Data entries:
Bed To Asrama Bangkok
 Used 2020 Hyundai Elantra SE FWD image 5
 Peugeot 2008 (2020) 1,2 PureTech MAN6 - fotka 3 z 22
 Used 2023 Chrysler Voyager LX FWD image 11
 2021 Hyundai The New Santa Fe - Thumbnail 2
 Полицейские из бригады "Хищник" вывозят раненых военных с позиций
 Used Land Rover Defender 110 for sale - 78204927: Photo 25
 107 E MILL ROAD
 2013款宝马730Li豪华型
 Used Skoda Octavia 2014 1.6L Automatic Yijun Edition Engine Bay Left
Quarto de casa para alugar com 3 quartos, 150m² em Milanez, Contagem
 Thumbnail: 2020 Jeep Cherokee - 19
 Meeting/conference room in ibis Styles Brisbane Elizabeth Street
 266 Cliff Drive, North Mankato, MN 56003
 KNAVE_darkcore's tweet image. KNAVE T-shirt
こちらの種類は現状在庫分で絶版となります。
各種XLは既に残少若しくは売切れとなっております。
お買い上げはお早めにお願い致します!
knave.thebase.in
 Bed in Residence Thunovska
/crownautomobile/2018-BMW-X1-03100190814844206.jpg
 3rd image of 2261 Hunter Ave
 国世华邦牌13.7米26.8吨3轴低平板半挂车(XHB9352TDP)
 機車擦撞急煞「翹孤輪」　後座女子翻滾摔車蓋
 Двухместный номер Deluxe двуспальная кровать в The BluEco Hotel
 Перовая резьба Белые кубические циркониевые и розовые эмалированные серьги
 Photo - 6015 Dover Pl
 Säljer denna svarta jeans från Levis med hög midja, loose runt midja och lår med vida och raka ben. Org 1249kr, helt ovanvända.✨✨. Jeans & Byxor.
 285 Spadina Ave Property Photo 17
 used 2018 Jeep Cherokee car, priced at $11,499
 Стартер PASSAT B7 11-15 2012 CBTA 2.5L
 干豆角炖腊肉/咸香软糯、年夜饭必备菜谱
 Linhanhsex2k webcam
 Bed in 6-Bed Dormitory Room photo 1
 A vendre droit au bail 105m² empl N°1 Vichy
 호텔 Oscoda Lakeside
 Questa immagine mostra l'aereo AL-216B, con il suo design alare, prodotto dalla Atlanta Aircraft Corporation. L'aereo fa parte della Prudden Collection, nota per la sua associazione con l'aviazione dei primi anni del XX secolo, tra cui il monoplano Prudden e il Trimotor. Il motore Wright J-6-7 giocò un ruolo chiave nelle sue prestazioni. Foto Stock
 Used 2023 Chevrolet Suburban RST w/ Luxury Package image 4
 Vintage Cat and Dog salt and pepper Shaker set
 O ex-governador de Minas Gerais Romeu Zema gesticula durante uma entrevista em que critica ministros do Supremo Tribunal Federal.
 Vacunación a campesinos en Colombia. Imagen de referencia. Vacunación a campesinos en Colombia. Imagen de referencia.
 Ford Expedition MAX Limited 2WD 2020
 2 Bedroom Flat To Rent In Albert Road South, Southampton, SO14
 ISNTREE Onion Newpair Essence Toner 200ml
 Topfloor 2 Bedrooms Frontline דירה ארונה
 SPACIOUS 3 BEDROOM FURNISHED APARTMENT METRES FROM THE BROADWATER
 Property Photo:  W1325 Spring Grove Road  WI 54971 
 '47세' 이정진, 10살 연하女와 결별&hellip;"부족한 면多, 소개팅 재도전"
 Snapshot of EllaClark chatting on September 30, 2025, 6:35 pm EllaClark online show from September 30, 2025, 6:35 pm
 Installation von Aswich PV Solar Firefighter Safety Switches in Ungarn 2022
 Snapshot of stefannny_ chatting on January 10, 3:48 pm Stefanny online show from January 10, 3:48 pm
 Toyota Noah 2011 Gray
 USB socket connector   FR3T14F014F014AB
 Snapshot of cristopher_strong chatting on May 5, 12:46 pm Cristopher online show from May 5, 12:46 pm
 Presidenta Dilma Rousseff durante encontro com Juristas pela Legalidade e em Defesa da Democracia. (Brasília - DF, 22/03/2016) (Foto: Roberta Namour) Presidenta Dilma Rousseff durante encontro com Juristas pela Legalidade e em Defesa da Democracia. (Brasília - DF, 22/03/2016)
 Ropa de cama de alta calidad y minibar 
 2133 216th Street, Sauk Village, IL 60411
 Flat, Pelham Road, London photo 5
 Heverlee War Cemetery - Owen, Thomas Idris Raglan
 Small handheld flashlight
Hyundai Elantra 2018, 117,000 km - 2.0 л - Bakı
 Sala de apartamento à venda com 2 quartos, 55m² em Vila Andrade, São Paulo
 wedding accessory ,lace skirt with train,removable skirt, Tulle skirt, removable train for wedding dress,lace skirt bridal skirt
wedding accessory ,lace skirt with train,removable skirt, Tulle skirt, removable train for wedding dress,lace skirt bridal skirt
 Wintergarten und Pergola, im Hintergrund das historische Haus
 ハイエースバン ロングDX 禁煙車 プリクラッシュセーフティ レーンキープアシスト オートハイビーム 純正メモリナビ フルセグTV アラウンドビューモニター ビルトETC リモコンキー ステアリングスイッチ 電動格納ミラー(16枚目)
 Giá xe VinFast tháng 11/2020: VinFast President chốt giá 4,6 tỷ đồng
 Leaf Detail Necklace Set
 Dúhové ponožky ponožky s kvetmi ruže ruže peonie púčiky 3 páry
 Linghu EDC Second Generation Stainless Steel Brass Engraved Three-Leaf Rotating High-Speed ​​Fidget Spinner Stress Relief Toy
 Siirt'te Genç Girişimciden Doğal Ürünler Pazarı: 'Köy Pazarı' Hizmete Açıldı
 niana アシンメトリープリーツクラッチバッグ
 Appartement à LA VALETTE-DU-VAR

Task item> All lines above between those holding "Linhanhsex2k webcam" and "이정진, 10살 연하女와", inclusive, must be set down unchanged, and no other line may be included.

Response area>
 Linhanhsex2k webcam
 Bed in 6-Bed Dormitory Room photo 1
 A vendre droit au bail 105m² empl N°1 Vichy
 호텔 Oscoda Lakeside
 Questa immagine mostra l'aereo AL-216B, con il suo design alare, prodotto dalla Atlanta Aircraft Corporation. L'aereo fa parte della Prudden Collection, nota per la sua associazione con l'aviazione dei primi anni del XX secolo, tra cui il monoplano Prudden e il Trimotor. Il motore Wright J-6-7 giocò un ruolo chiave nelle sue prestazioni. Foto Stock
 Used 2023 Chevrolet Suburban RST w/ Luxury Package image 4
 Vintage Cat and Dog salt and pepper Shaker set
 O ex-governador de Minas Gerais Romeu Zema gesticula durante uma entrevista em que critica ministros do Supremo Tribunal Federal.
 Vacunación a campesinos en Colombia. Imagen de referencia. Vacunación a campesinos en Colombia. Imagen de referencia.
 Ford Expedition MAX Limited 2WD 2020
 2 Bedroom Flat To Rent In Albert Road South, Southampton, SO14
 ISNTREE Onion Newpair Essence Toner 200ml
 Topfloor 2 Bedrooms Frontline דירה ארונה
 SPACIOUS 3 BEDROOM FURNISHED APARTMENT METRES FROM THE BROADWATER
 Property Photo:  W1325 Spring Grove Road  WI 54971 
 '47세' 이정진, 10살 연하女와 결별&hellip;"부족한 면多, 소개팅 재도전"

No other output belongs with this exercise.